Using OSCH: Beyond Hello World

In the previous post we discussed a “Hello World” example for OSCH focusing on the mechanics of getting a toy end-to-end example working. In this post we are going to talk about how to make it work for big data loads. We will explain how to optimize an OSCH external table for load, paying particular attention to Oracle’s DOP (degree of parallelism), the number of external table location files we use, and the number of HDFS files that make up the payload. We will provide some rules that serve as best practices when using OSCH.

The assumption is that you have read the previous post and have some end to end OSCH external tables working and now you want to ramp up the size of the loads.

Using OSCH External Tables for Access and Loading

OSCH external tables are no different from any other Oracle external tables.  They can be used to access HDFS content using Oracle SQL:

SELECT * FROM my_hdfs_external_table;

or use the same SQL access to load a table in Oracle.

INSERT INTO my_oracle_table SELECT * FROM my_hdfs_external_table;

To speed up the load time, you will want to control the degree of parallelism (i.e. DOP) and add two SQL hints.
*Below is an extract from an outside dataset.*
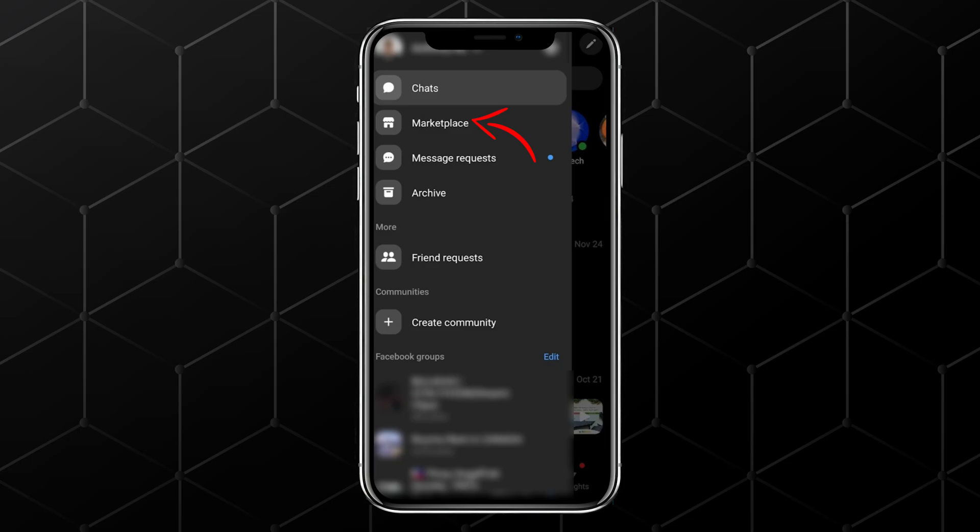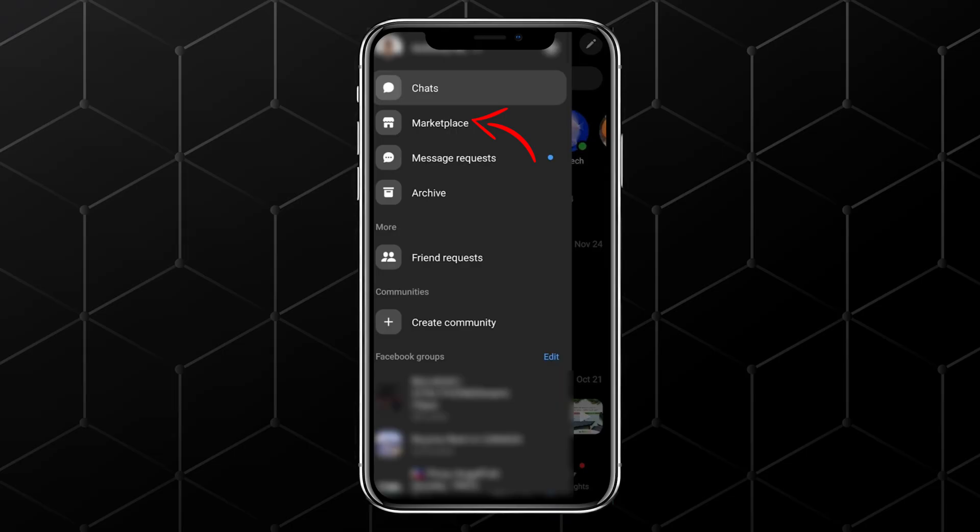From here, select Marketplace, which is located under the chat section. This will bring you to all of your Marketplace conversations.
INSERT /*+ append pq_distribute(my_oracle_table, none) */ INTO my_oracle_table SELECT * FROM my_hdfs_external_table;

There are various ways of either hinting at what level of DOP you want to use.  The ALTER SESSION statements above force the issue assuming you (the user of the session) are allowed to assert the DOP (more on that in the next section).  Alternatively you could embed additional parallel hints directly into the INSERT and SELECT clause respectively.
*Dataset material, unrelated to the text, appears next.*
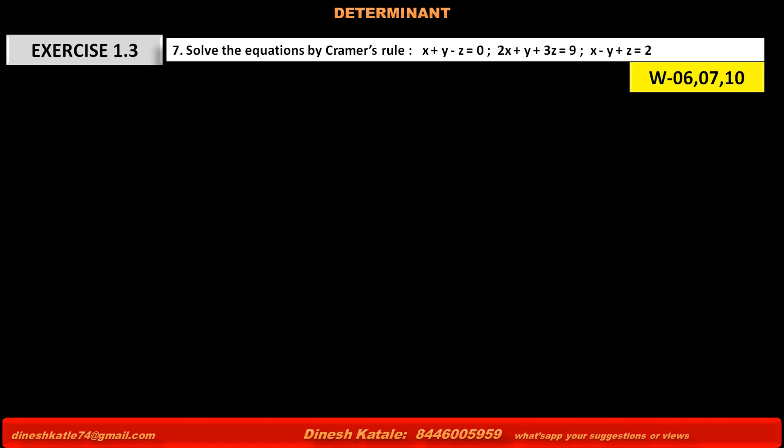Problem number 6: Solve the equations by Cramer's rule. X plus Y minus Z is equal to 0, 2X plus Y plus 3Z is equal to 9, X minus Y plus Z is equal to 2.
/*+ parallel(my_oracle_table,8) */
/*+ parallel(my_hdfs_external_table,8) */

Note that the "append" hint lets you load a target table by reserving space above a given "high watermark" in storage and uses Direct Path load.  In other words, it doesn't try to fill blocks that are already allocated and partially filled. It uses unallocated blocks.  It is an optimized way of loading a table without incurring the typical resource overhead associated with run-of-the-mill inserts.  The "pq_distribute" hint in this context unifies the INSERT and SELECT operators to make data flow during a load more efficient.
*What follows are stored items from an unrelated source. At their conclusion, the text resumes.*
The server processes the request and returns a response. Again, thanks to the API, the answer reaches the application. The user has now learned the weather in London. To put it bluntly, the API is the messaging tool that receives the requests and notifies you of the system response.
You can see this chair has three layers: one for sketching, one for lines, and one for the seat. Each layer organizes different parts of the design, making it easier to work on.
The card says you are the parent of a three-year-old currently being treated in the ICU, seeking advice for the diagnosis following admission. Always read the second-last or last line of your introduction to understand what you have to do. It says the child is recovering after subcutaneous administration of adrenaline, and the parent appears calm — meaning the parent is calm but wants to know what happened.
Finally your target Oracle table should be defined with "NOLOGGING" and "PARALLEL" attributes.   The combination of the "NOLOGGING" and use of the "append" hint disables REDO logging, and its overhead.  The "PARALLEL" clause tells Oracle to try to use parallel execution when operating on the target table.

Determine Your DOP


It might feel natural to build your datasets in Hadoop, then afterwards figure out how to tune the OSCH external table definition, but you should start backwards. You should focus on Oracle database, specifically the DOP you want to use when loading (or accessing) HDFS content using external tables.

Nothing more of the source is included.